Are third parties allowed to fund litigation? If so, are there any restrictions on this and can third party funders be made liable for the costs incurred by the other side?
Third party funding is available in France. It is mostly used in arbitration proceedings, which are significantly more expensive than state court proceedings.
Third party funding is not subject to formal regulation. However, on 21 February 2017, the Paris Bar Council issued a resolution providing in essence the following recommendations:
attorneys remain solely accountable to their client, not to the third-party funder;
only the client (and not the attorney) can communicate information about the case to the third-party funder;
attorneys should encourage their client to disclose the existence of a third-party funding to arbitrators and should warn their client about the possible consequences of non-disclosure (namely, a conflict of interest issue that may result in the nullity of the award).
There is no specific rule providing that third-party funders can be made liable for the costs incurred by the other side.
What, in your opinion, is the main advantage and the main disadvantage of litigating international commercial disputes?
In addition to low costs of litigation, the main advantage of litigating international commercial disputes in France is that both the commercial court of Paris and the court of appeal of Paris have an international chamber specially designed to enhance the attractiveness of the Paris court in connection with disputes arising from international economic and financial relations.
These international chambers are composed of English-speaking judges. Their jurisdiction includes commercial contracts and the breach of commercial relations, transactions on financial instruments, transportation, unfair competition and claims for compensation following anti-competitive practice.
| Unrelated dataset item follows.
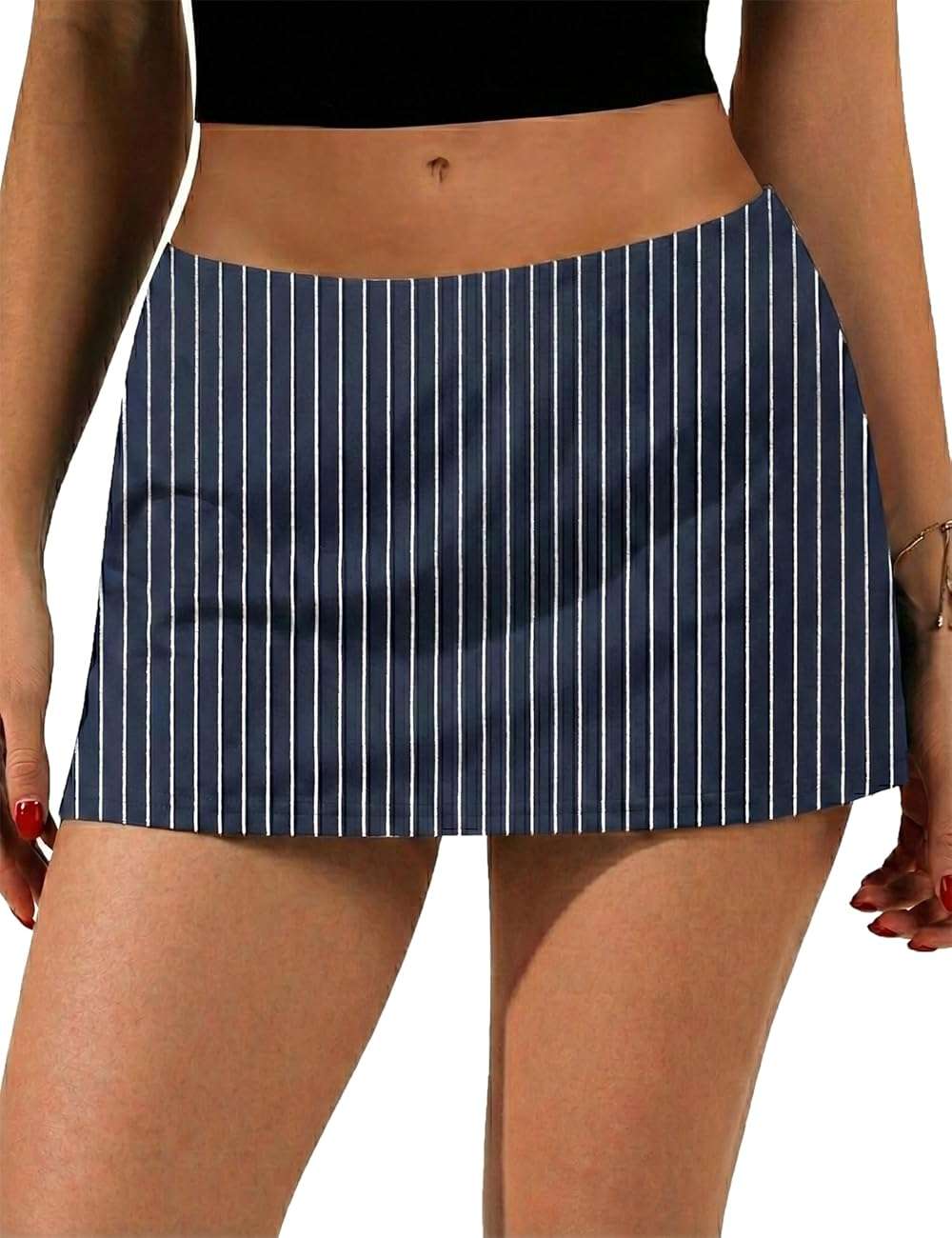 LOMON Women's Low Waist Casual Micro Mini Skirt with Built-in Shorts with Pockets Stretchy Skorts Summer Outfits 2026 - Image 1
Proceedings before the international chamber of the commercial court or the court of appeal follow a procedure inspired by certain common law mechanisms, which provide for an extensive use of the English language, including for oral arguments and witness testimony.
The main disadvantage is that France does not have the most developed rules of evidence. It does not know the rules of disclosure or discovery.
What, in your opinion, is the most likely growth area for disputes for the next five years?
As a result of the covid-19 pandemic, one could expect an increase of disputes related to contracts whose performance was affected by the crisis (force majeure, material adverse change etc.) and restructuring litigation.
What, in your opinion, will be the impact of technology on commercial litigation in the next five years?
The development of artificial intelligence and tools of predictive justice is likely to enhance the analysis of case-law and improve the anticipation of court decisions. This evolution will probably increase the influence of case-law and will allow litigators to refine their court strategies.
How have the courts in your jurisdiction dealt with the COVID-19 pandemic and have you seen particular types of disputes arise as a result of the pandemic?
Overall, jurisdictions have limited their activities to the most urgent cases, amongst which insolvency proceedings and criminal cases. To protect litigants’ rights, the Government issued ordinances extending almost all applicable time limits provided by law that would normally have expired between March 12, and June 23, 2020.
There has been an increase in disputes regarding the performance of purchase/partnership agreements entered into before the pandemic and based on business plans that are no longer realistic.